Box 2: Four planning documents used in the NHS going forward
Five-year strategic commissioning plans (ICBs)
Describes how, as a strategic commissioner, an ICB will improve population health and access to consistently high–quality services across its footprint. We will work with ICBs to develop specific guidance. As a minimum, we expect that plans will:
– Set out the evidence base and overarching population health and commissioning strategy,
– Bring together local neighbourhood health plans into a population health improvement plan (PHIP), including how health inequalities will be addressed,
– Describe new care models and investment programmes that maximise value for patients and taxpayers aligned to 10 Year Health Plan,
– Demonstrate how the ICB will align funding and resources to meet population needs, maximise value, and deliver on key local and national priorities,
– Describe how the core capabilities set out in the ICB blueprint will be developed.
ICBs will be expected to refresh these plans annually as part of a rolling five-year planning horizon for the NHS.
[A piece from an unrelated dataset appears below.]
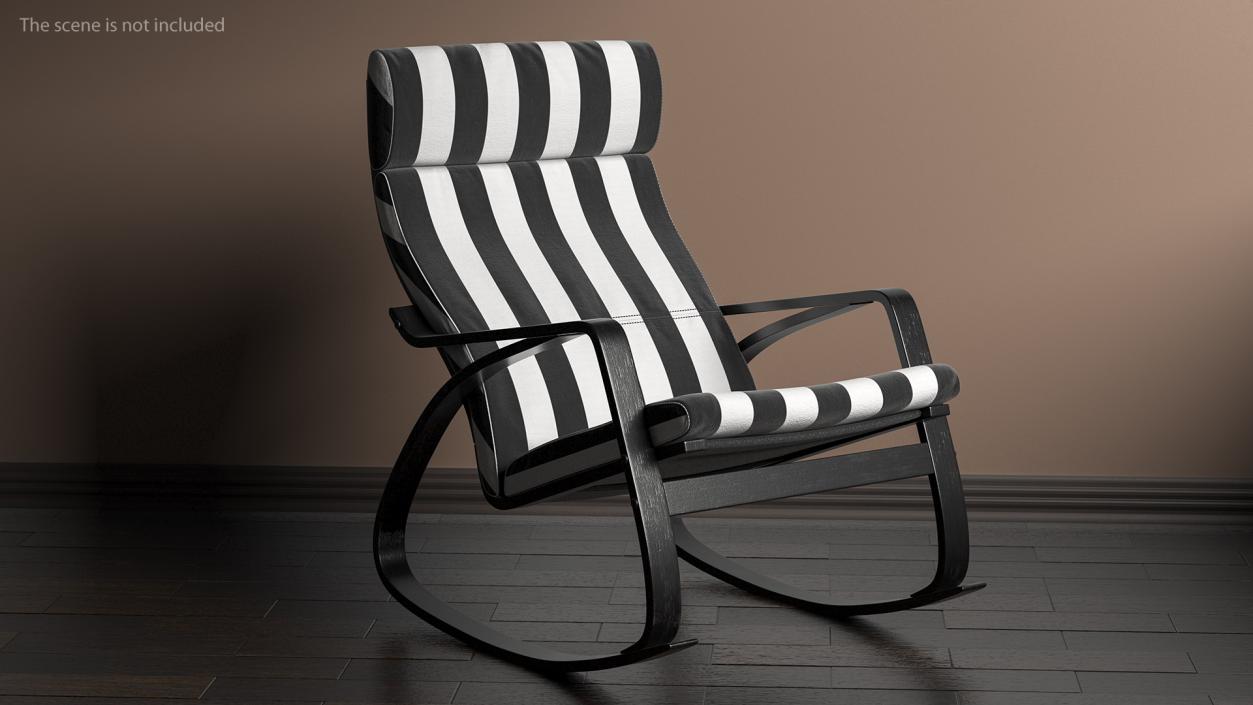 Rocking Chair Black and White 3D model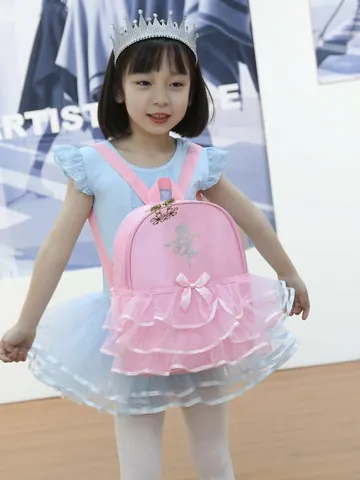 Mädchen Rosa Ballett Tanztasche Kinder Prinzessin Rucksack Mit Schleife Netzrüschen Große Kapazität Schultasche Geschenk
Five-year integrated delivery plans (NHS trusts and NHS foundation trusts)
Demonstrates how the organisation will deliver national and local priorities and secure financial sustainability. We will work with providers to develop specific guidance. As minimum, we expect that plans will:
- Set out the evidence base and organisation’s strategic approach to:
– Improving quality, productivity, and operational and financial performance
– Meeting the health needs of the population it serves and how this approach contributes to delivering the overall objectives of the local health economy
– Describe the actions that will support delivery of the trust’s objectives, including key service development and transformation schemes and how these will impact quality and support operational and financial delivery
– Summarise how the underpinning capabilities, infrastructure and partnership arrangements required to deliver the plan will be developed e.g. workforce skills, digital capability, and estate.
Providers will be expected to refresh these plans annually as part of establishing a rolling five-year planning horizon for the NHS.
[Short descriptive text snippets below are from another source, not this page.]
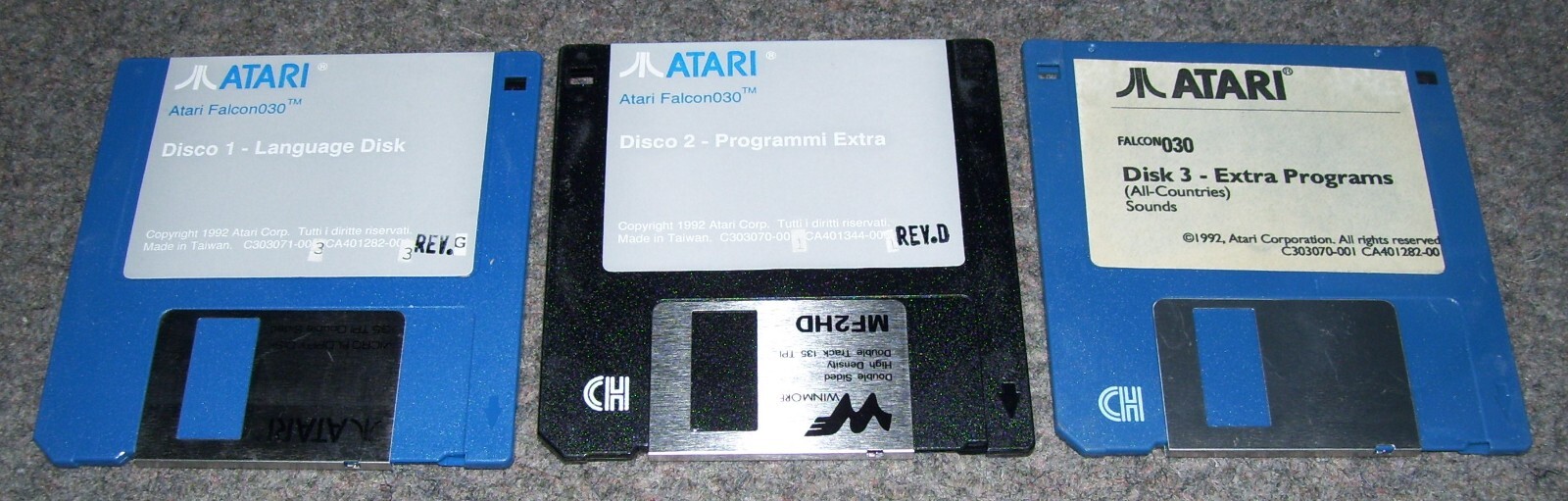 Atari Falcon 030 Computer Disco 1 Language Disks Extra Programs 2 & 3 ITALIAN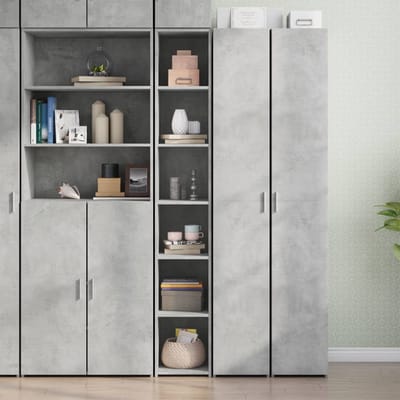 vidaXL - Hoge - kast - 30x41x185 - cm - bewerkt - hout - betongrijs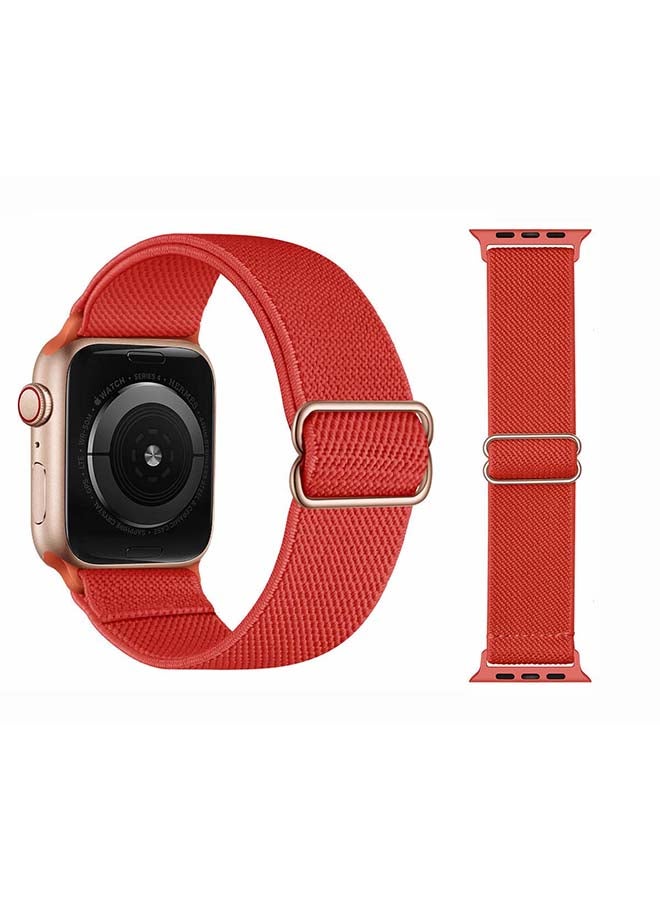 Perfii Solid Adjustable Braided Solo Band for Apple Watch Series 6/SE/5/4/3/2/1 44/42mm Red - Image 2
Neighbourhood health plans
These will be drawn up by local government, the NHS and its partners at single or upper tier authority level under the leadership of the Health and Wellbeing Board, incorporating public health, social care, and the Better Care Fund. The plan should set out how the NHS, local authority and other organisations, including social care providers and VCSE, will work together to design and deliver neighbourhood health services. DHSC will publish separate guidance to support their development.
National plan returns
We will engage with ICBs and providers on the specific requirements for the national plan returns. Five-year organisational plans will be expected to fully align with and support numerical returns. The existing set of annual finance, workforce, activity and performance templates will be redesigned and streamlined to better support integrated planning. There will be separate returns from ICBs and trusts rather than a single-system return. ICBs and providers will need to work together to ensure that these are fully aligned.